She mentioned in Coronet Among the Weeds that her father was a Lord — the 7th Baron Clanmorris. What she didn’t tell us was that, as John Bingham, he was a section head of MI5 and the model for John le Carré’s George Smiley. After she had completed her debutante season, he recruited her to work as a secretary at MI5, which she wrote about in MI5 and Me.
Now, in Spies and Stars, she is still working at MI5 but has fallen in love with an actor, Harry, and starts writing scripts with him. Her father encourages her because he thinks it is important to infiltrate what he sees as ‘the communist hotbed of British theatre’. (Remember this is the 1950s when there were reds under every bed.) He also recruits Harry to act as an undercover agent at Communist party HQ and sell the Daily Worker. But Harry still wants to be an actor and ‘starve for art’, so Charlotte’s father pulls strings to get him a film role.

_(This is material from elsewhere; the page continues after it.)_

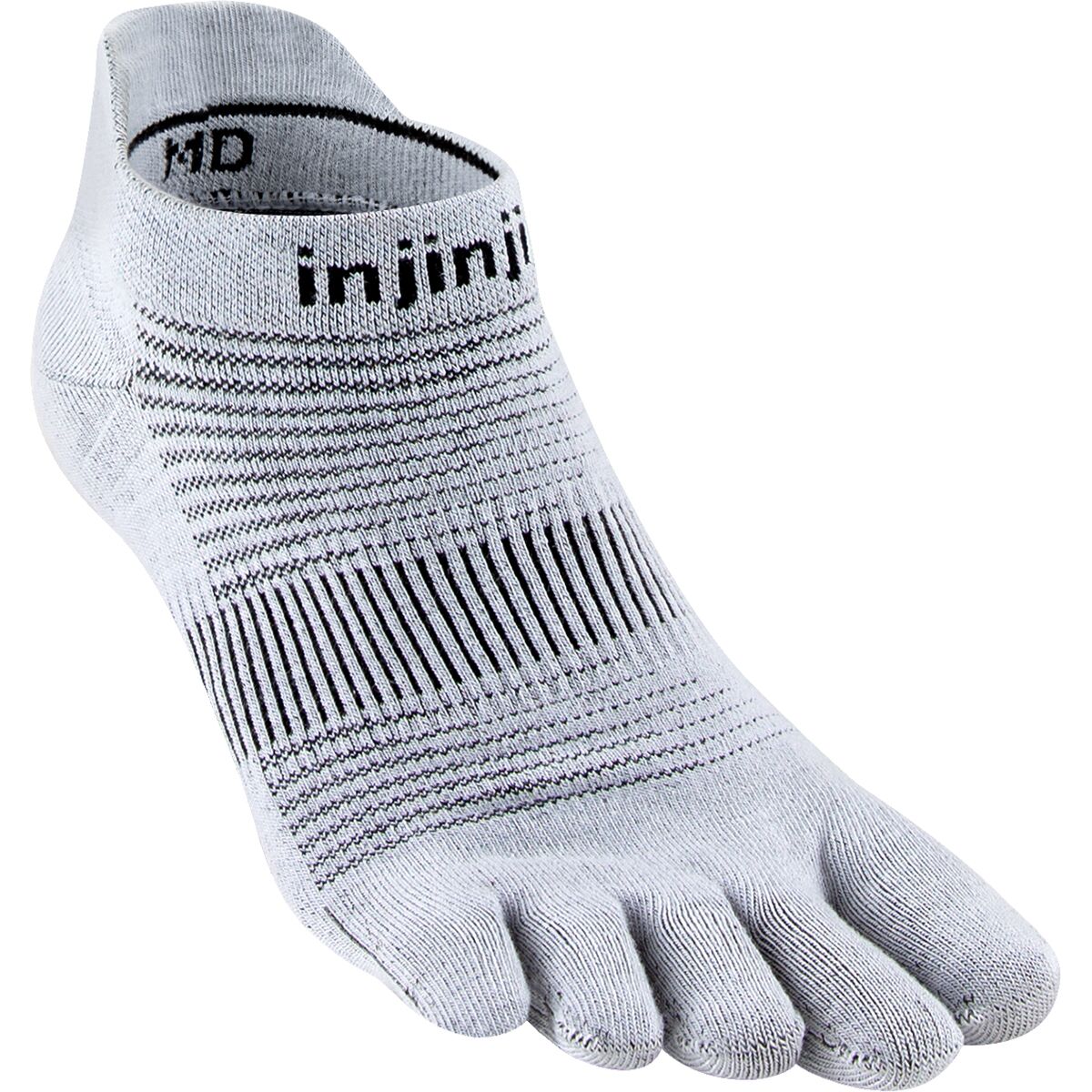 Injinji Injinji Run Lightweight No-Show Sock Gray, L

Charlotte — or Lottie as she calls herself — is thrilled to meet a film producer and his wife because they were so obviously, ostentatiously rich: ‘Their clothes, their wrist- watches, jewelry and footwear, seemed to be staring out at the rest of us with pity.’ Her father’s family were quite rich too, but they were discreet about it, whereas she liked flash. She and Harry wrote a film script called The Happy Communist and sold it for a ton of money. But they were told it needed more sex because ‘how can you be happy without sex?’Unfortunately, Charlotte was too prudish to write sex, so the script was handed over to another. But it was the start of a very successful joint writing career.
Much of the charm of this book for me is its evocation of aspects of the 1950s I had forgotten: the newly arrived coffee bars that seemed the height of glamor; the blind men selling matches outside Tube stations (Bingham claims that MI5 used them as undercover agents); and the weird euphemisms — ‘Uncle Dick’ for being sick, ‘the aunt’ for loo, and ‘Oh sugar!’ to express annoyance.
Television was still a new invention and subject to much snobbery. Posh people didn’t have television sets, or only in the nanny’s room, and were terribly shocked that the Queen allowed her Coronation to be televised. So vulgar! People who did have television sets covered them with a cloth and had to switch them on early to give them time to warm up. When ITV started in 1955, all the existing sets had to be converted to receive it, with a clanking handle at the side. Actors were terrified of appearing in television dramas because of course they were live, and if they dried or fluffed their lines there was nowhere to hide. Anyway, appearing on television was considered tacky, and appearing in TV commercials was beyond the pale. But Lottie loved television and was thrilled when asked to write for it.
The great joy of Bingham’s prose is its youthful insouciance. She writes like a teenager, but an exceptionally observant one. She notices that someone’s butler is wearing women’s nylons and has ‘a shifty look to his nostrils. People always go on about a shifty look to the eyes, but nostrils give away a great deal.’ She notes that the English are suckers for over-the-hill performers:
Somerset Maugham said the English would never go and see a ballerina dance unless they knew she had only one leg, or an actress unless they were in agony that she was going to forget all her words.
And some of her similes are almost worthy of Wodehouse:
Harry sighed, deeply. It was the kind of sigh that might easily be heard over the radio waves when a tractor had broken down on The Archers and there were no spare parts to be had even for ready money.
Stars and Spies
is very much a period piece and perhaps for that reason unlikely to appeal to the young. But I loved it.